The problem: The raw score that her daughter earned wasn’t included in the ranges associated with each performance level, which the state ranks from 1 (the lowest) to 4 (the highest.)

“I thought, ‘Oh that’s so weird,’” said Snook Vega, whose daughter attends Mott Hall II on the Upper West Side.

It turns out the scoring rubric in the city’s online portal hadn’t been updated, adding an extra dose of anxiety to the release of state test results this year. Parents had already waited about a month later than usual to learn how their children performed. State officials said they needed extra time to set scores after shortening the testing window from three days to just two.

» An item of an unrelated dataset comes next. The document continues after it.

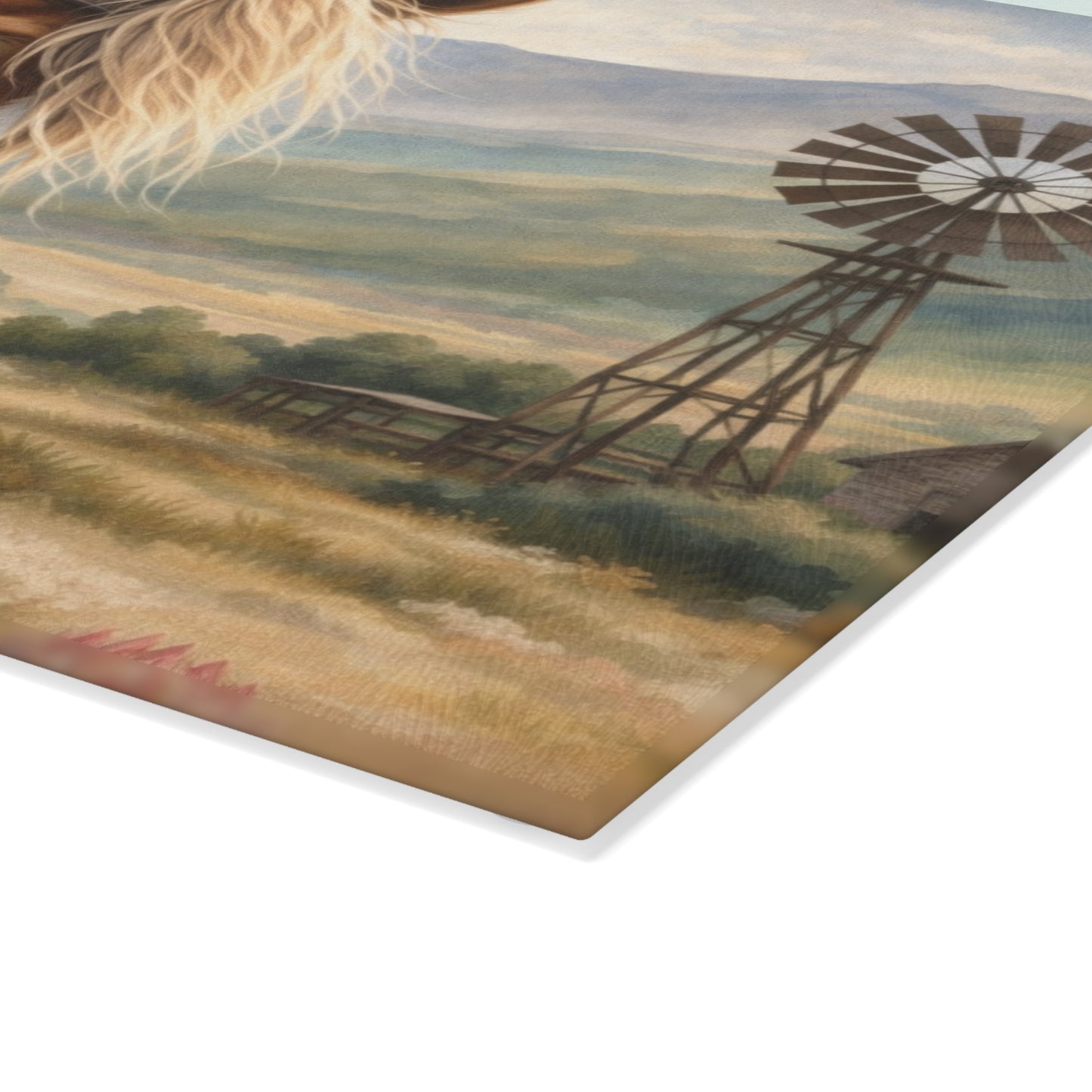 Western Horse and Windmill Glass Cutting Board – Rustic Farmhouse Country Kitchen Decor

But the old scoring rubric was somehow left in the online portal when parents started checking for scores Wednesday morning, when results were finally released.

“I found it surprising that the ranges weren’t posted correctly,” said Kate Pomeroy, the mom of two middle schoolers in Manhattan.

Parents groused on Facebook and Twitter over the mix-up, and the education department quickly noticed the error. It was fixed by 11:30 a.m. — even before the official announcement was made that results were out, according to department spokesman Will Mantell. He didn’t say whether the city or state was responsible for the mistake, or how it happened.

Snook Vega’s daughter is in eighth grade this year, which means her scores could help make or break her chances of getting into a competitive high school. She alerted the education department in a Facebook message, and soon got word from friends that the problem appeared to be fixed.

“I think the only stress was wondering, ‘Well is the score that my kid got really right? Is that going to change too?’” Snook Vega said. “To be fair, I was very impressed that it was fixed, I would say within not even 90 minutes.”